The paper repurposes persona vectors as a diagnostic instrument for describing which behaviors appear by default, which can be amplified by intervention, and which resist the extraction protocol. It defines 53 traits across four domains, 17 clinician, 19 generic, 8 elementary-education, and 9 agentic traits, and studies Qwen3-8B and gpt-oss-20b. For each trait, the method subtracts mean activations from positive and negative responses, injects the resulting vector at five layers with coefficients from 0 to 2.5, and uses gpt-oss-20b to judge trait expression. Classification relies on descriptive thresholds: natural when baseline expression is at least 70, steerable when a low baseline gains at least 10 points, and intractable when no usable signal is produced. All nine agentic traits are natural in both models; the clinician maps share six natural traits, and one psychologist rates those six as desirable within 16 agreements over 17 labels. In Qwen, 171 generic pairs yield 64 constructive, 67 dominant, and 40 destructive interactions; every destructive case combines two steerable traits.

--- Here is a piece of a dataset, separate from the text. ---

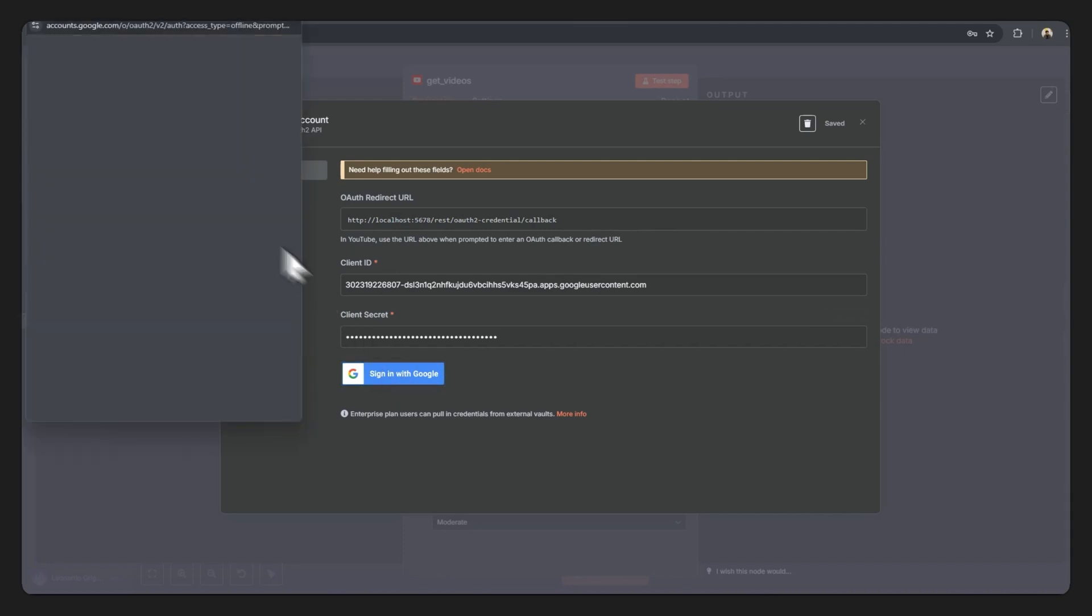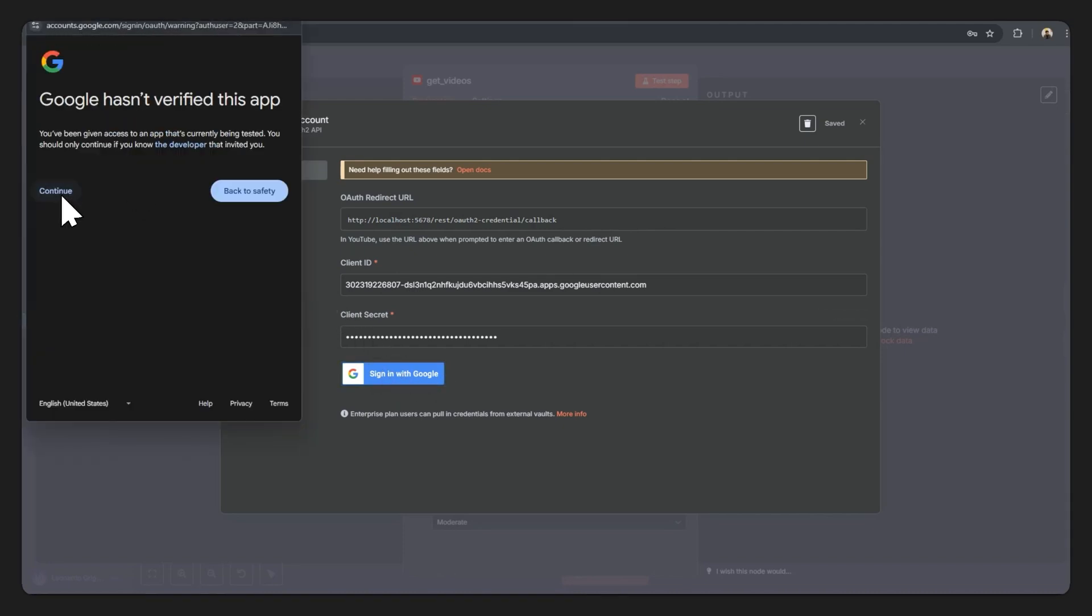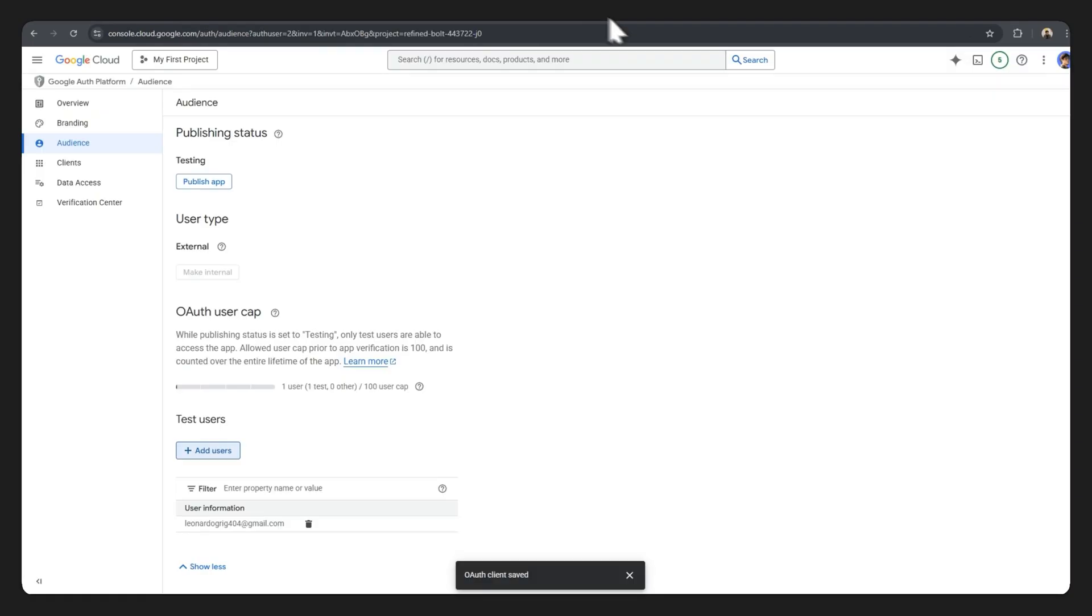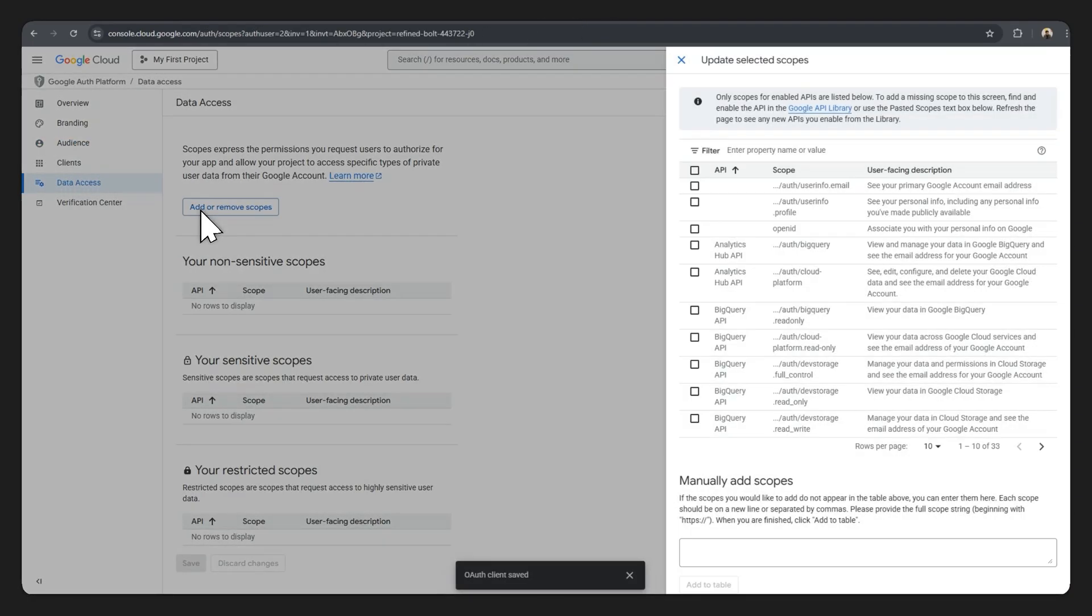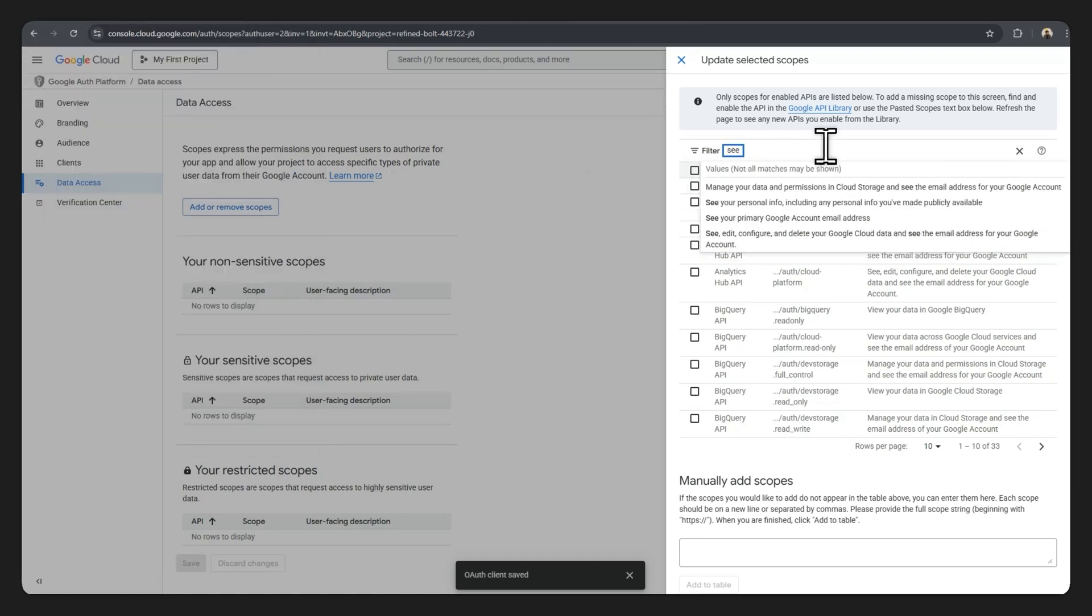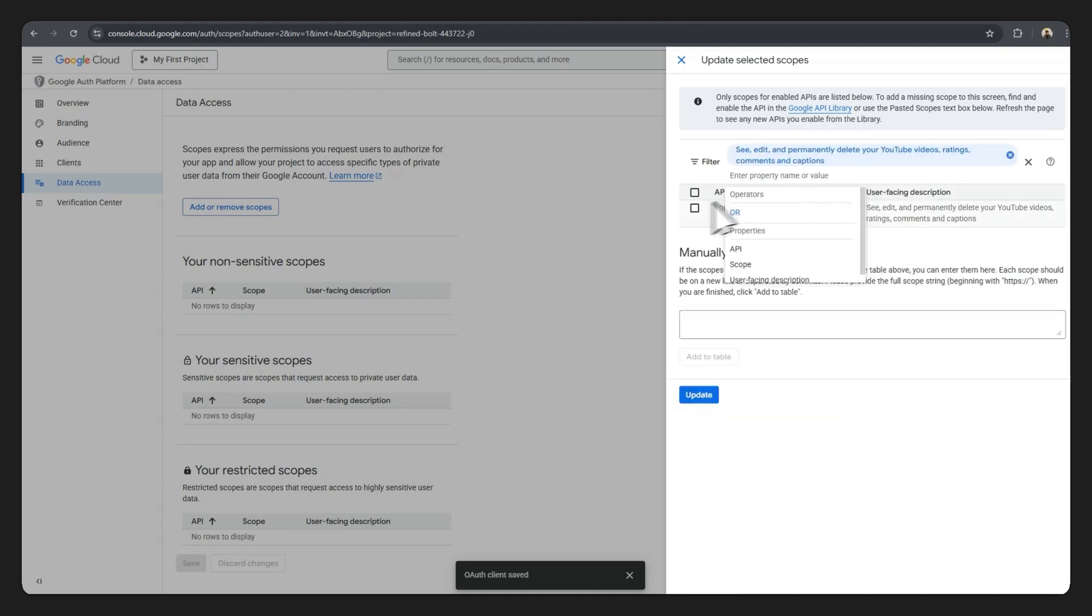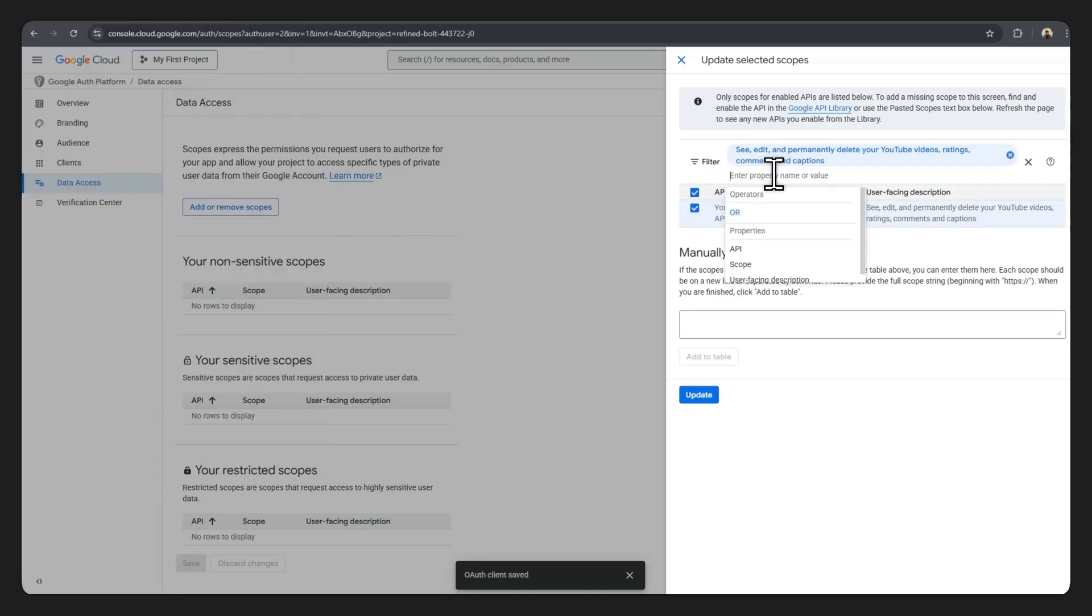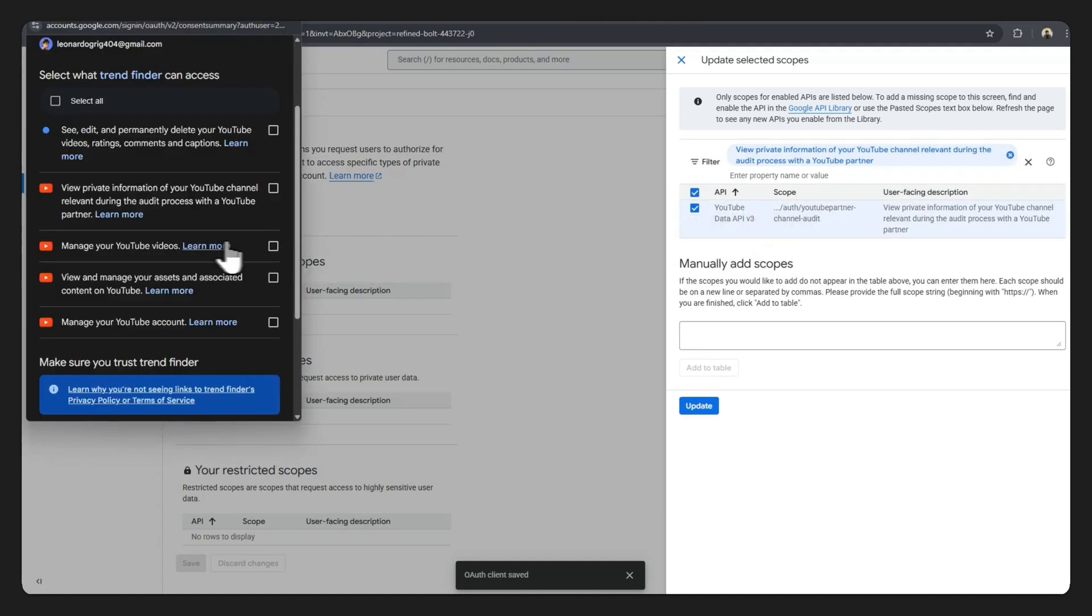Now let's go back to the N8N workflow. Click on sign in with Google, select your own email, hit continue. Now these are all the scopes we need to include, so just go back to Google Cloud. You'll want to click on the data access page, add or remove scopes. The first scope is see, edit, and permanently delete, so let me type that in. See, edit, and permanently delete your YouTube videos, let's check that. Now view private information of your YouTube channel, type that in, remove the previous one, check that. Manage your YouTube videos.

An “evil” vector extracted from a less-safe fine-tune raises the base model’s judged score to 61.61 ± 44.42, with substantial dispersion. These are output-level effects, not mechanisms or unique semantic coordinates. Random norm-matched vectors, shuffled labels, and systematic negative sweeps are absent; the judge also scores its own generations and receives only a qualitative three-trait check. Full variance exists for 22 of 53 traits, the expert sample is one, and only two models are tested. Benign artifacts are promised after acceptance, but no public code, data, or outputs reproduce the audited version’s tables.
Research question
Can a broad map of persona vectors distinguish natural, amplifiable, and resistant behaviors, and how do traits interact when combining vectors?